Alman lider bir silah çıkarır ve sokaktaki birikmiş at pisliğini işaret eder.
"Peki Yahudi!" diye bağırır. "Ya şunu yersin ya da seni vuracağım."
Titreyerek emredileni yapar Berger. Hitler o kadar şiddetle güler ki elindeki silahı düşürür.
Berger silahı kapar ve, "Şimdi de sen pisliği ye, yoksa seni vuracağım!" der. Führer, elleri ve ayakları üzerinde yere çömelir ve yemeye başlar.

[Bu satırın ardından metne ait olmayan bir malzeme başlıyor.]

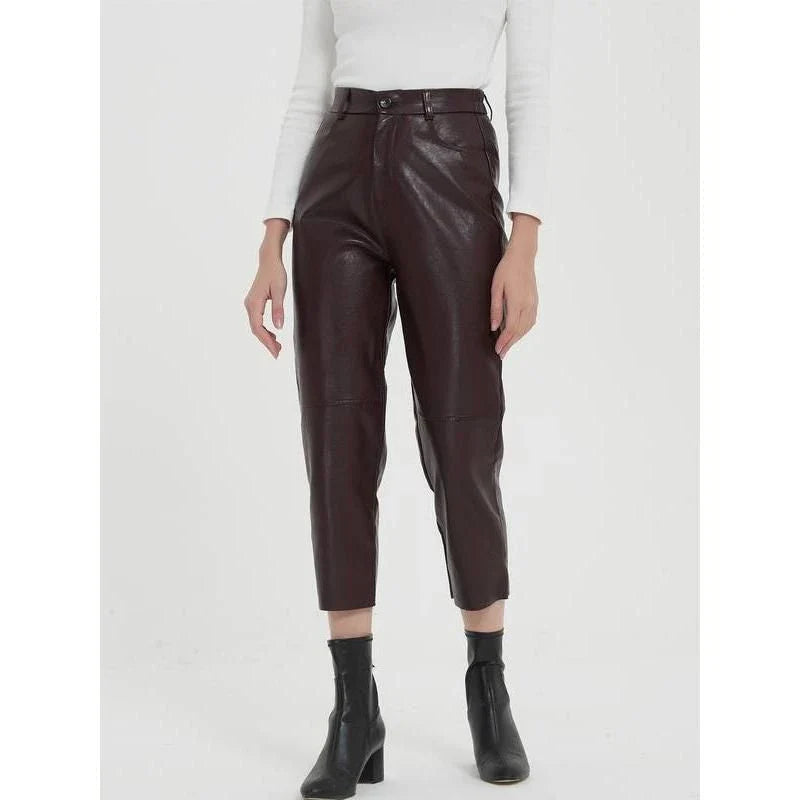 Pair of high-waisted, ankle-length faux leather trousers in a classic brown colour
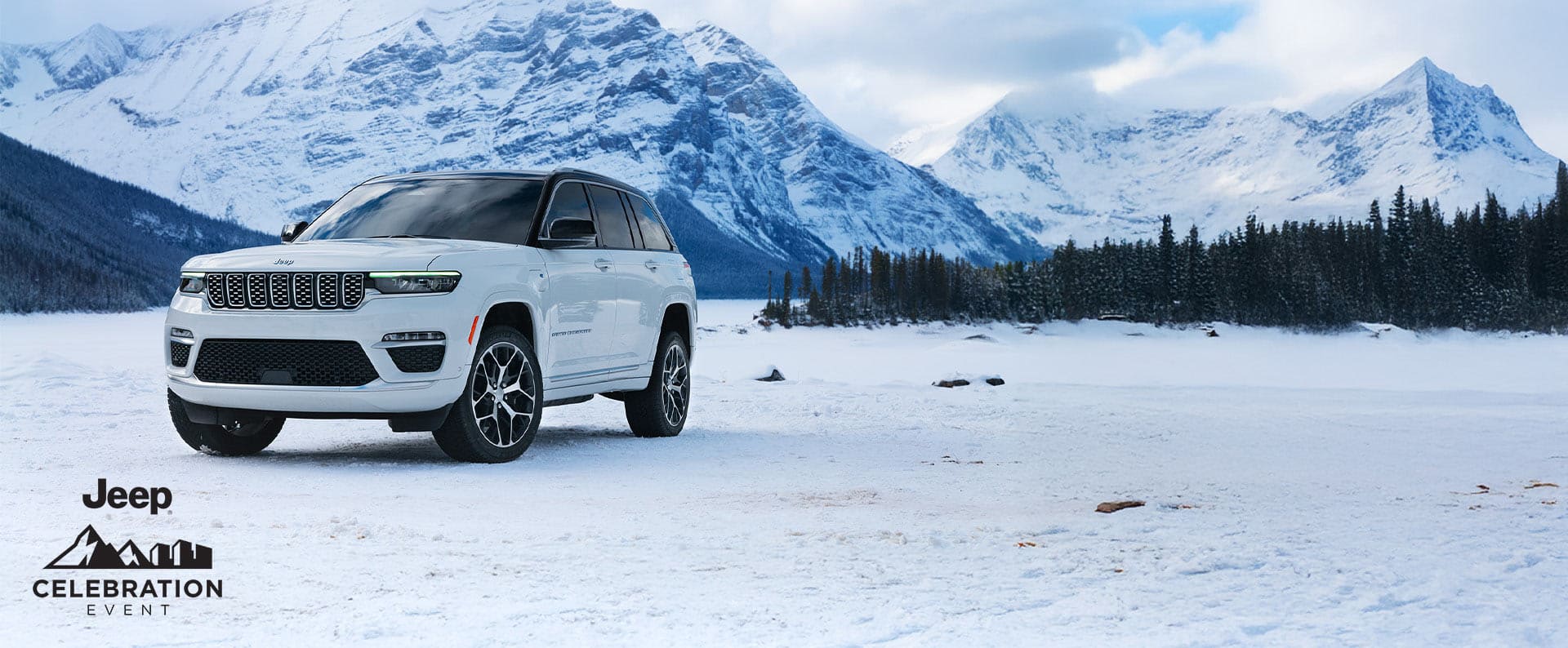 A 2025 Jeep Grand Cherokee model parked on a snowy clearing , with mountains in the background. Celebration event.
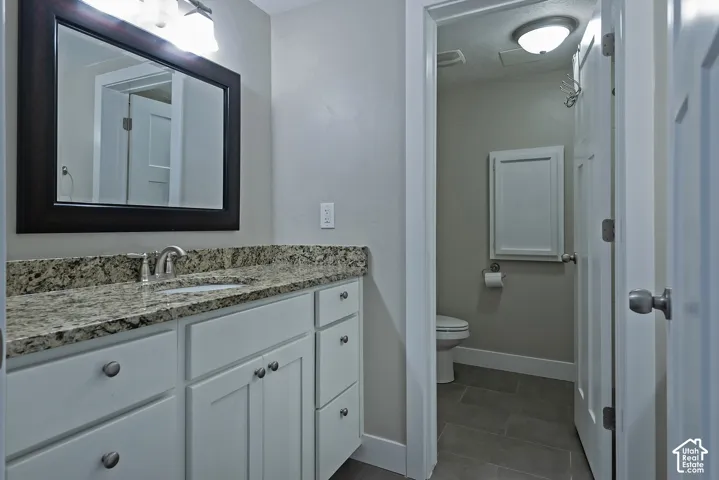 White shaker-style vanity with multiple drawers and cabinets, complemented by a speckled countertop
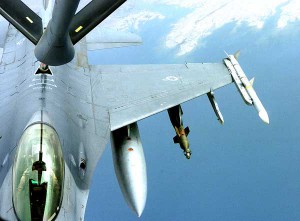 An F-16 Fighting Falcon connects with the refueling boom of a KC-135 Stratotanker. The refueling mission took place over Iraq, in support of Operation Iraqi Freedom. The KC-135 is part of the 340th Expeditionary Air Refueling Squadron, Southwest Asia, while the F-16 deployed from Hill Air Force Base, Utah, to Balad Air Base, Iraq. (Credit: US Central Command Air Forces 05/07/06)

Bu işle meşgulken Berger sıvışıp kaçar, dar bir geçitten geçer, bir çitten atlar ve tavan arasının merdivenlerini bir çırpıda tırmanır. Kapıyı hızla çarpar, sürgüyü takar ve güvenli bir şekilde kilitler.
"Hilda! Hilda!" diye yüksek sesle karısına seslenir: "Tahmin et öğle yemeğinde kiminleydim?"
Zihin sürekli olarak rasyonelleştirir.
At pisliği bile yesen onu bir öğle yemeği yapar ve, "Hilda! Hilda! Tahmin et öğle yemeğinde kiminleydim?" der.
Zihnin tuzaklarına dikkat et. Ve ne kadar uyanık hale gelirsen, o kadar anın içinde, eylemin içinde bütünüyle yaşayabilir olacaksın.
O zaman herhangi bir motivasyon yoktur: Onu yaparsın çünkü onun içindeyken haz alıyorsun. Ve bu yüzden ben ona en zor iş diyorum.
Zihnin dışına çıkmak en zor iştir. Ancak o bir çaba değildir, o farkındalıktır, o yoğun bir uyanıklıktır.